Saturday, 12 April 2014

An Argument Against Raking

Every spring one of the rituals we all feel good about, and many enjoy, is the raking of garden beds. Removing all that tired-looking debris from the autumn, ground down by the ravages of freeze and thaw and snow cover, is a horticultural form of spring cleaning. And like all de-cluttering it feels like an accomplishment. You can see where you've been and feel virtuous and proactive. Right?

Well, maybe not. It is true garden beds look tired when they're untouched and they look organized and tidy when they've been raked. But when we clean them up what are we actually doing to those beloved beds?
My unraked garden bed looking admittedly a little bleak
But early species crocuses brighten it up a little 
When we rake the beds are being stripped of nature's way of returning fertility to the soil. Fallen leaves,  dead annuals and the die-off of perennials are all sources of organic material. Many resources have been taken from the soil by the plants in order to produce leaves, flowers and perhaps even fruit or nuts. The residue from the previous season is nature's way of sustainably replenishing that fertility. That garden trash is food for the microbial and worm life in the soil and they, in turn, given food and opportunity, will turn those raw materials into a vast array of nutrients. Without this ongoing feeding of the soil we are starving it. No wonder we love Miracle Gro and petroleum based artificial fertilizers. When we aren't nourishing our dirt it responds to any sustenance, even something totally artificial and nutritionally deficient. This is sounding so familiar; it's funny how the analogy of soil to people and the food for both is so completely parallel.

It is interesting to note that when we take a walk in the woods we don't look at the humusy forest floor and think, "Yuck, I need to organize some volunteers to properly rake this woods". A helpful reminder that so many of our prejudices and aesthetic biases are all about context.
Second growth woods with its carpet of fallen leaves
In fact, healthy woods are an example of a sustainable ecosystem in action. Death and regeneration follow each other as amounts of sunlight change. Fallen trees rot into the ground providing fertility and increased microbial and fungal life. There is a storied profile to any mature balanced forest. The top layer here in Ontario is hardwood trees, below are understory trees and then further down shrubs and perhaps rambles. And then there is the forest floor. Depending on availability of sunlight and soil profile there could be ferns, mosses, perennial 'weeds', ground covers and in the spring the lovely "ephemerals", ramps and at different times of the year, mushrooms.

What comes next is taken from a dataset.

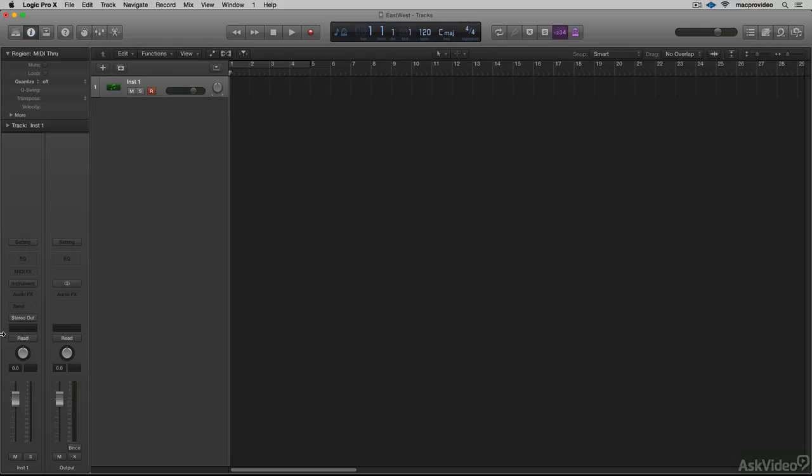Well, it wouldn't be a David Earl tutorial if Logic didn't get opened at some point. We've been using the Play Engine in standalone mode, but I want to give you some options on how you can use it within a digital audio workstation like Logic or Live or Pro Tools.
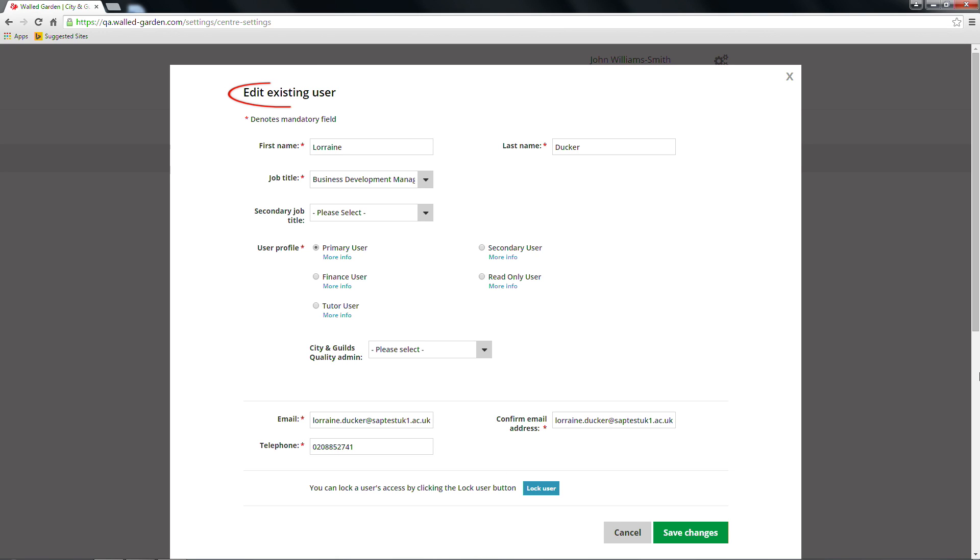In this section, you are also able to lock a user which will prevent them from accessing the walled garden. To do this, select the Lock User button at the bottom of the screen and a pop-up box will appear asking for confirmation from you. This change takes immediate effect and an email will be sent to the locked user. Please note that text is case sensitive.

This fallen tree will eventually return entirely to the earth
Here the stump of a felled tree - almost unrecognizable as anything but rich humus earth
There is enough soil on this exposed rock to sustain clumping grasses which will prevent water and wind erosion
A smattering of beech saplings taking advantage of the extra sunlight provided by the opening up of the trail
A bramble growing in a sunnier spot at the edge of the woods
A self seeded conifer
Even this old split cedar fence will add to organic richness as it breaks down
If gardens aren't raked, as the season progresses the embedded plants will grow and hide some of the offending mess. The organic cover will act as a thin layer of mulch conserving moisture, suppressing weeds and maintaining a much more even temperature. And the microbial life in the soil will slowly transform the raw organic material into a richer, crumbly dark chocolate cake - looking soil. Real alchemy.

Some leaves have pulled away at the base of this sugar maple revealing a beautiful dark soil

Change is possible. It is not that long ago that virtually every front yard was planted in that monoculture we call a lawn. Now it is an exception to see a front yard given over to nothing but grass. The next transition is to seeing garden 'waste' as garden 'gold'  - a resource to be treasured and revered.

It is worth remembering that the Great Dust Bowl of the 1930's happened in an organic, that is a pre-petroleum-based pesticide, herbicide and fertilizer era. But it certainly wasn't a time of sustainable agriculture. And the biggest genocide perpetrated on the soil was stripping it of its cover. Denuded of perennial grasses there was nothing to hold the topsoil in place. Grasslands, like forests, are an example of a balanced and sustainable ecosystem. And what grasslands and forests have in common is there is never a single square inch of exposed soil.

One year I had a neighbour who I didn't know very well volunteer to visit me at the farmhouse and do some work in the garden. I was thrilled because there is always much more to do than I can handle. I was aghast when she proudly pointed out to me that she had taken the initiative to carefully remove every bit of debris from under the rhubarb plant. Little did she know that I deliberately tuck all the leaves I cut off the harvested stalks around the base of the plant. Rhubarb is a perennial and a heavy feeder. Because of both characteristics it needs lost of organic material to keep it strong and long-lived. It is also very sensitive to drought and will send up flower shoots and stop producing new stalks very quickly if, without a protective mulch, it is allowed to dry out. I'll never know if my volunteer interpreted the expression on my face as shock or awe.

So let's raise a glass to indigence - at least in regards to raking our gardens. Like people, they really look much more attractive fully-clothed than naked.